Mercificazione

30 Maggio 2016

Il 22 (!) maggio abbiamo fatto le pubblicazioni con una piccola cerimonia in Comune. Rimangono qualche foto un po’ bruciacchiata dal sole scattata dai parenti e bei ricordi dei sorrisi di Eva; poi una lunga cena in famiglia in un ambiente amichevole, qualche bicchiere di vino ed Eva vicino a me. Poi il giorno dopo io e lei nel sole di Pizzo, una nuova location per il matrimonio e l’arrivederci in aeroporto mentre io tornavo al nord. Spero sia stato solo il primo dei tanti weekend che passeremo insieme in questa primavera/estate in cui i preparativi per il matrimonio la fanno da padrone.

La delicatezza dei piccoli momenti di gioia con Eva è la parte che preferisco; dall’altra un enorme macigno organizzativo partito un paio di mesi fa e che ora è entrato in modalità corsa folle. Ma non sono l’intensità o la necessità di fare scelte a darmi fastidio; entrambe fanno parte del mio lavoro quotidiano e non è un grande problema mantenere la calma.
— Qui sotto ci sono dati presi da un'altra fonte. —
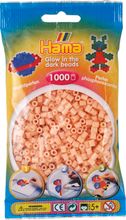 Hama Бусинки для термомозаики MIDI светящиеся в темноте красные, 1000 шт. (207-56)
Quello che mi rende parecchio nervoso, invece, è l’evidente mercificazione del tutto: qualsiasi dettaglio, qualsiasi idea, qualsiasi tentativo di realizzare un desiderio o trovare la propria strada in mezzo alle tante opzioni massificate.

Sento una specie di continuo assalto alla diligenza: sopra io ed Eva sballottati, intorno i fornitori con le frecce che cercano di infilzarci. Amici e parenti mi dicono: ma sì che te frega, spendi e spandi, tanto capita una volta sola nella vita. Io alla fine sto spendendo e spandendo, ma mi riservo di mantenere etica e sguardo critico: preferirei sicuramente dare le molte migliaia di Euro spese in beneficenza. L’unica consolazione è che, svolgendosi il tutto in Calabria ed essendo i fornitori sono quasi totalmente calabresi, almeno un po’ di denaro possa rimanere nelle mie terre disastrate.
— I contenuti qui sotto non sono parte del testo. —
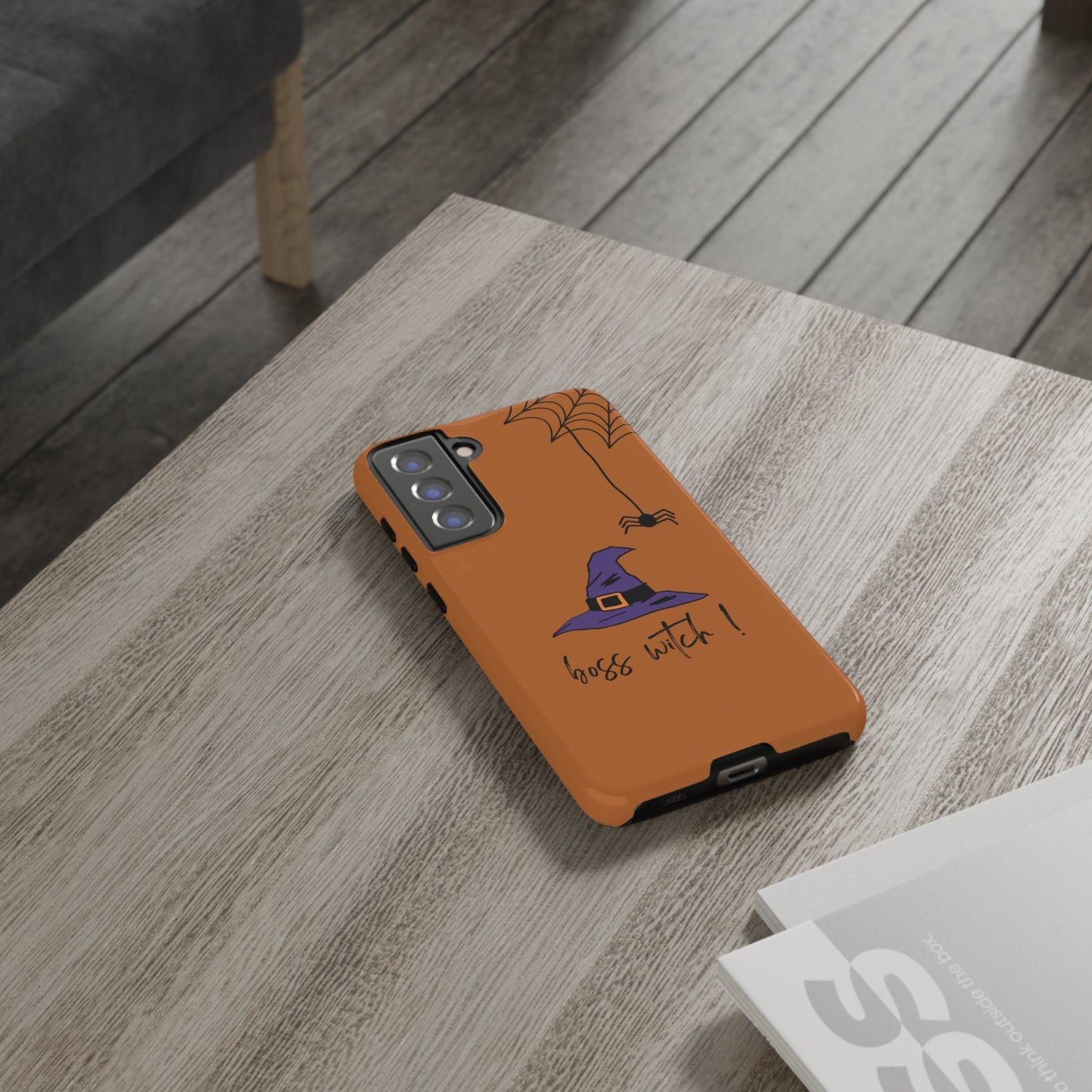Halloween Phone Case, Boss Witch Phone Cover, Spooky Witch Design, Phone Accessory, Gift for Her, Autumn Decor, Witchy Aesthetic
L’esasperazione è comunque il segno di un malessere più ampio: sono davvero stanco della continua mercificazione dei sentimenti che incontro nella vita quotidiana. Tutto viene definito in base a quanto spendi, a come ti vesti, a dove vai a mangiare, a che automobile guidi. Leggo che la maggioranza dei ventenni americani non sostiene più l’idea del capitalismo (nemmeno quella del socialismo, ma questo è abbastanza scontato negli USA): al di là delle implicazioni politiche, io mi ero arreso da un pezzo ma ora inizio a illudermi che le nuove generazioni possano cambiare davvero.

Qualche anno fa Federico Pizzarotti mi parlava di decrescita felice e altre iniziative simili; io ingenuamente mi domandavo cosa gli passasse per la testa, mi chiedevo il perché dover rinunciare a tutto ciò che faticosamente si ottiene coi guadagni di ogni giorno. Oggi si parla tanto di millennials e le aziende sono terrorizzate dal fatto che non comprino più automobili o appartamenti; al di là del fatto che potrebbero essere miei figli, io li capisco abbastanza. Faccio il tifo per loro anche se di fatto faccio parte della categoria di dinosauri che spazzeranno via, a furia di non comprare.